Segment Start: Information

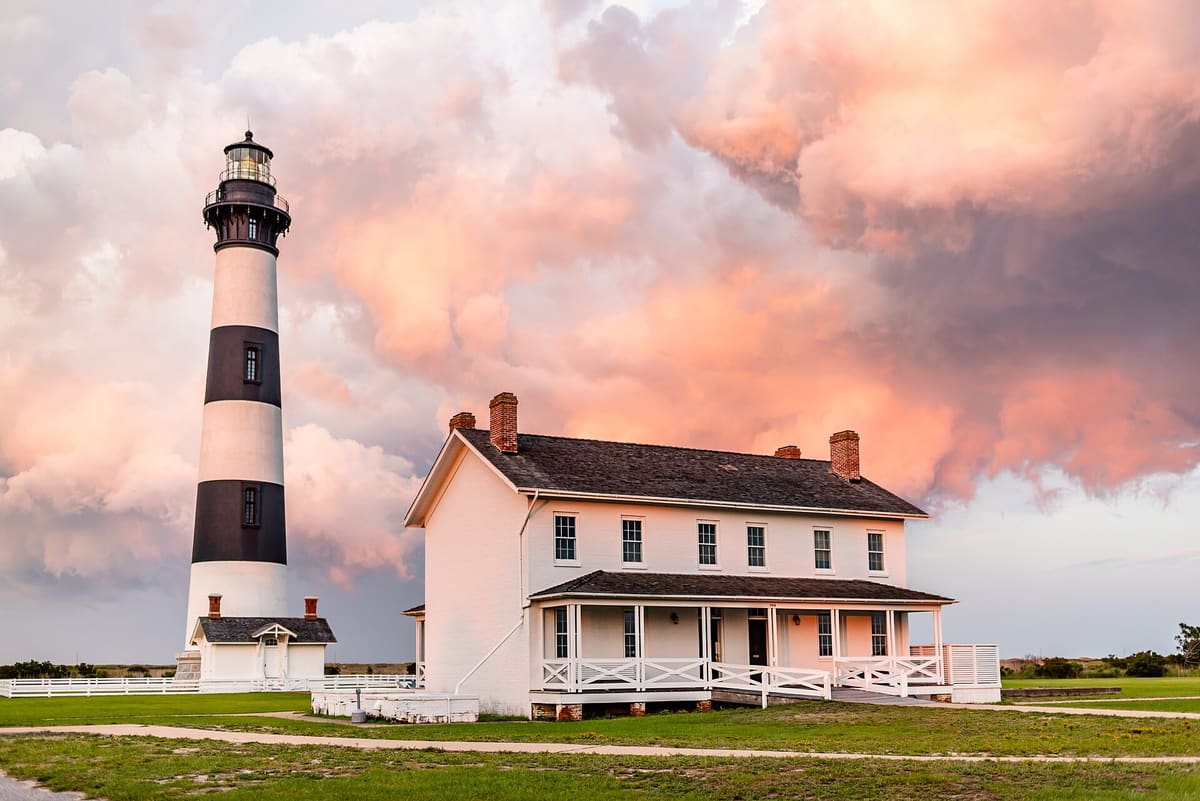 The black and white banded tower and the white keepers' quarters under pink sunrise cloud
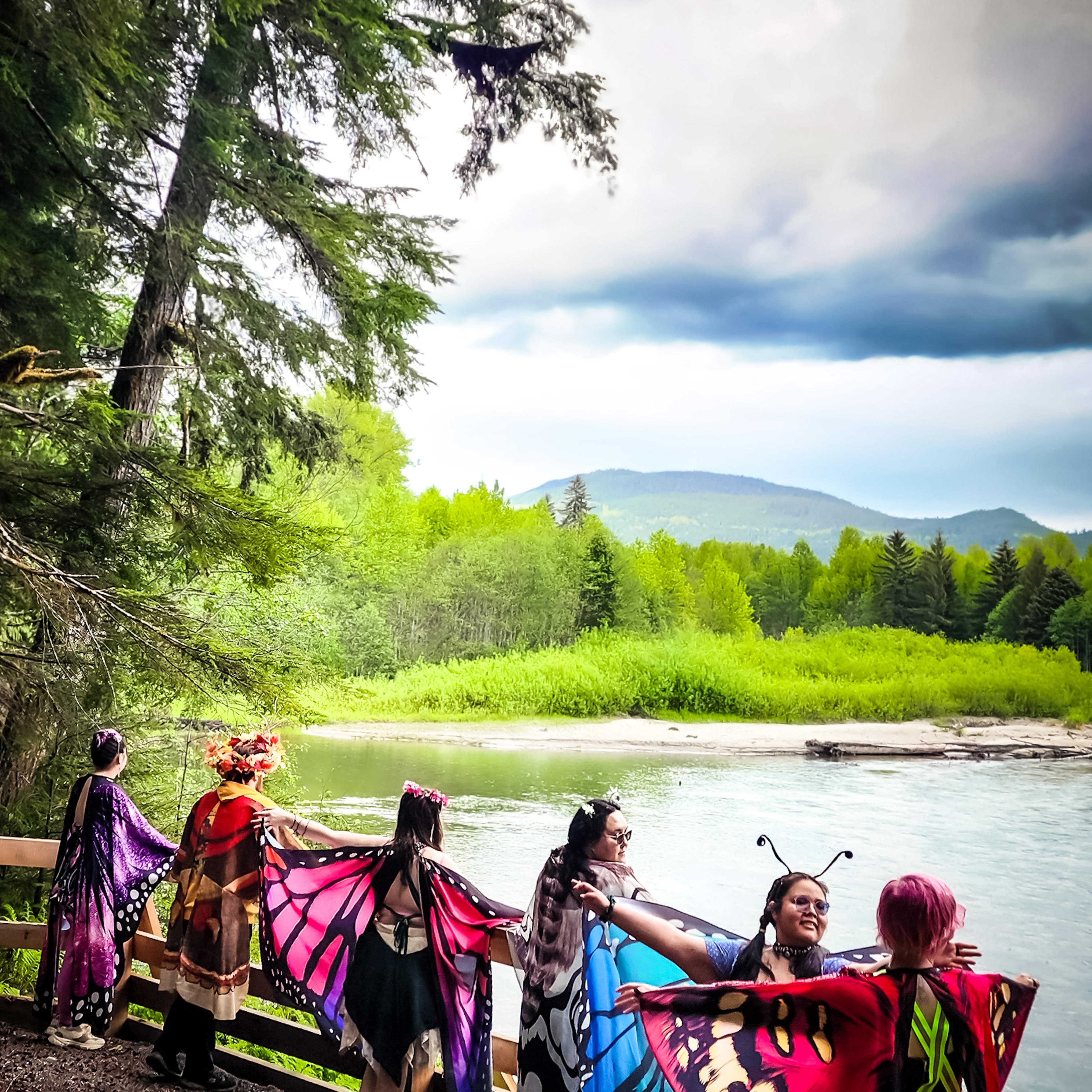 People in butterfly wings standing at a wooden railing overlooking a wide river and mountains.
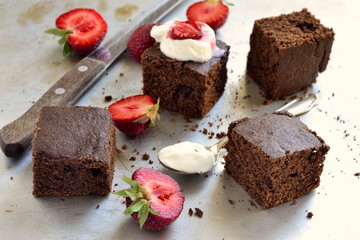 Chocolate sponge cake with strawberries and cream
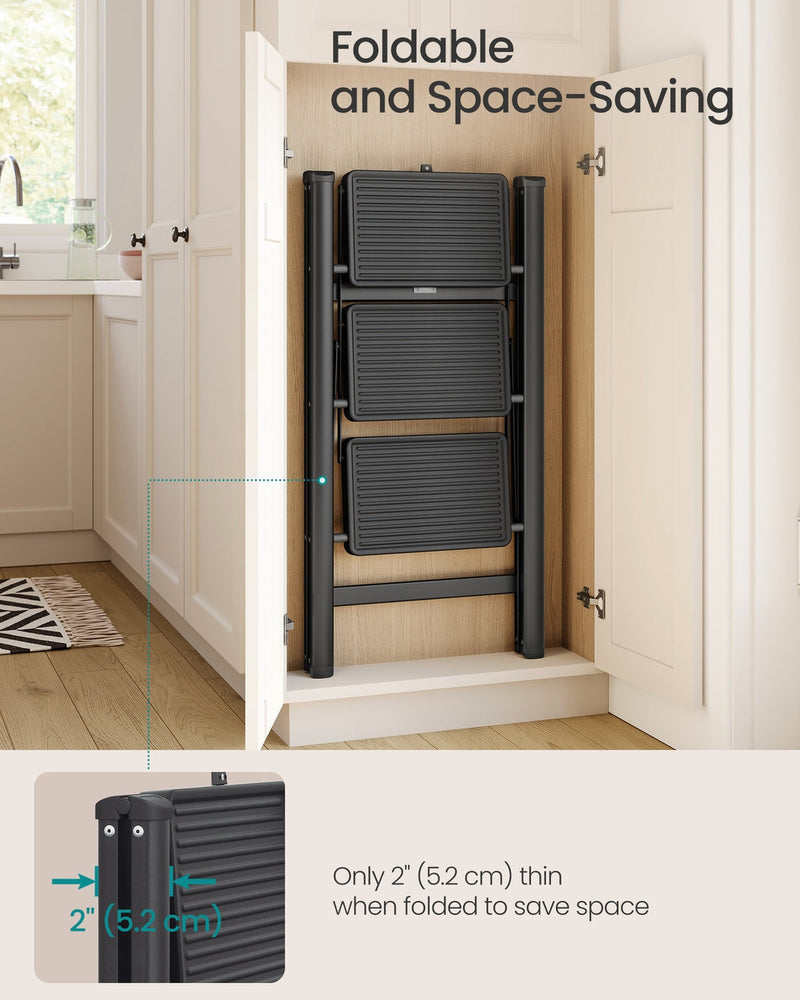 The 3-step ladder folded flat to 5.2 cm and stored upright inside a kitchen cupboard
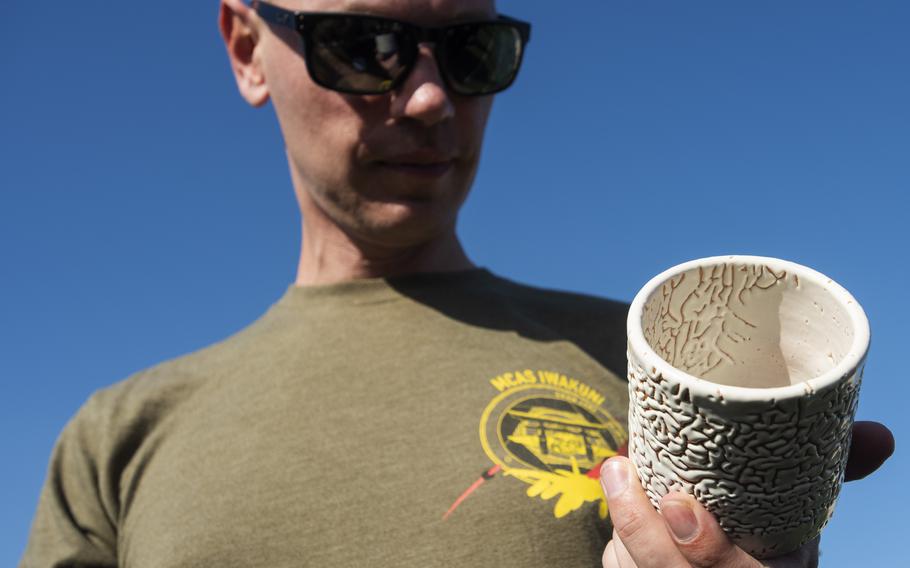 Marine Gunnery Sgt. Rusavskiy Vitaliy, 37, of Spokane, Wash., examines the cup awarded to first-place finishers during Sports Day at Marine Corps Air Station Iwakuni, Japan, on Oct. 28, 2022.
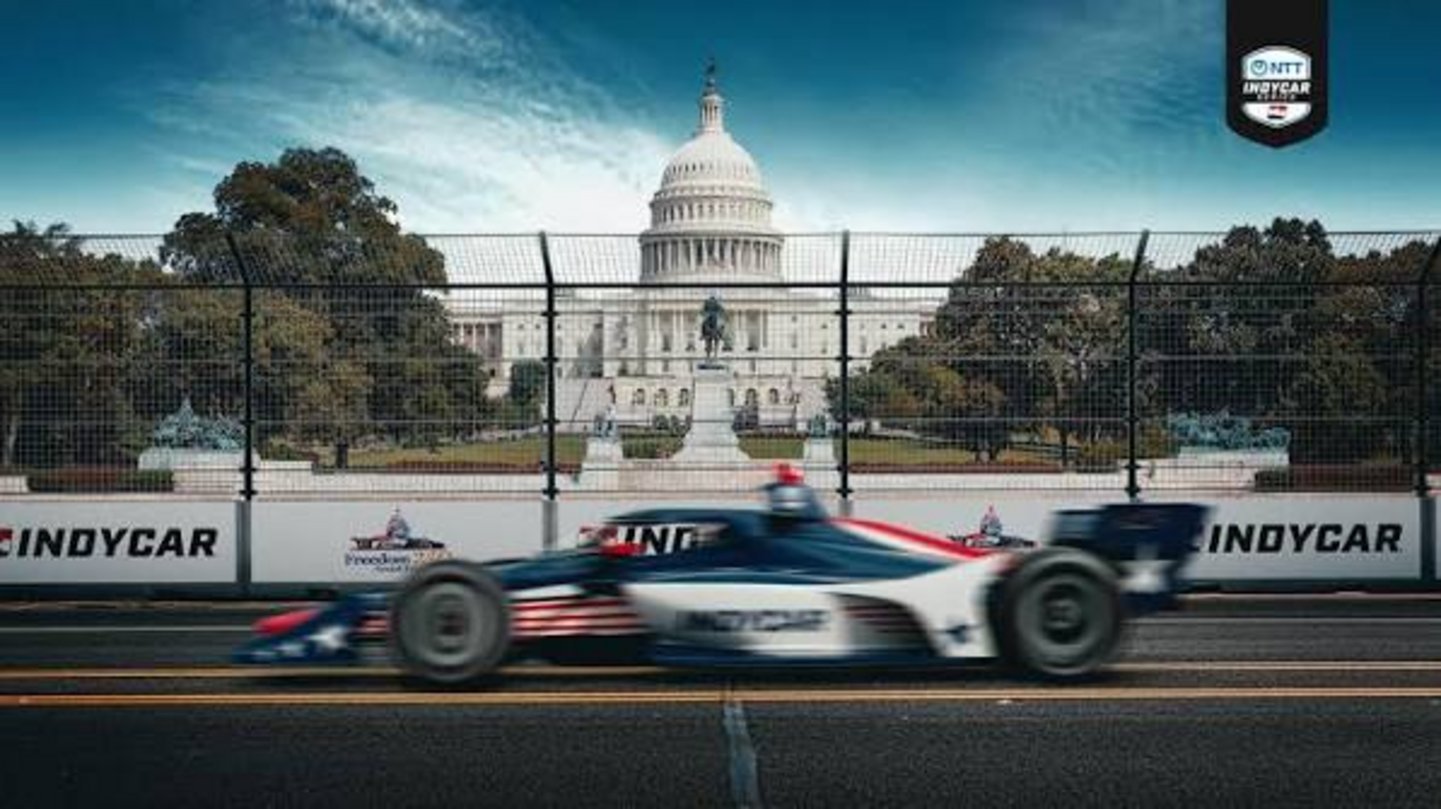NTT IndyCar Series open-wheel race car with American flag livery speeding past US Capitol Building on Washington DC street ci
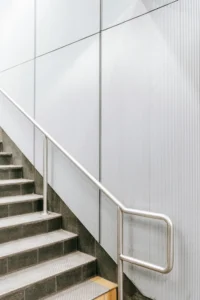 Stainless steel handrail installed on indoor staircase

Segment End: Information

Without the pictures, write out the lines from the beginning of the entries through the line with "The 3-step ladder".

 The black and white banded tower and the white keepers' quarters under pink sunrise cloud
 People in butterfly wings standing at a wooden railing overlooking a wide river and mountains.
 Chocolate sponge cake with strawberries and cream
 The 3-step ladder folded flat to 5.2 cm and stored upright inside a kitchen cupboard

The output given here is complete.